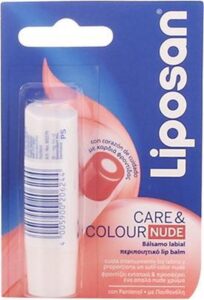 liposan carecolor nude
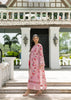 Elaf Signature Lawn Edit – 4b Mira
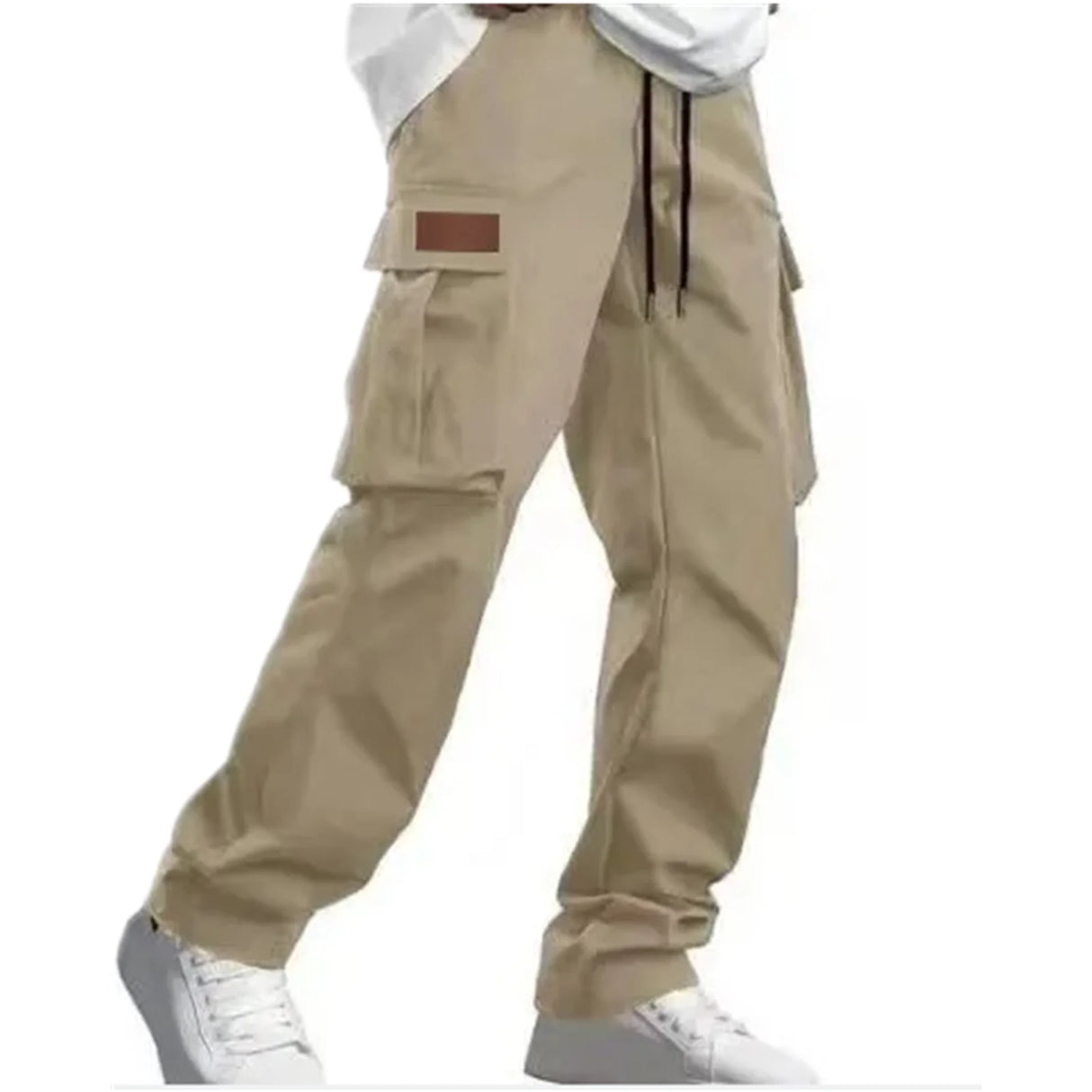 Men’s Workwear Cargo Pants 2025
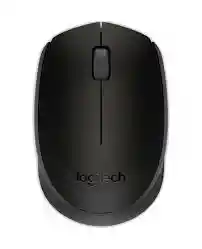 Mouse Logitech Inalambrico M170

:::::

## Work to be completed:
All of the lines above must be printed again exactly, and no picture may appear in the copy.

## Written response:
 liposan carecolor nude
 Elaf Signature Lawn Edit – 4b Mira
 Men’s Workwear Cargo Pants 2025
 Mouse Logitech Inalambrico M170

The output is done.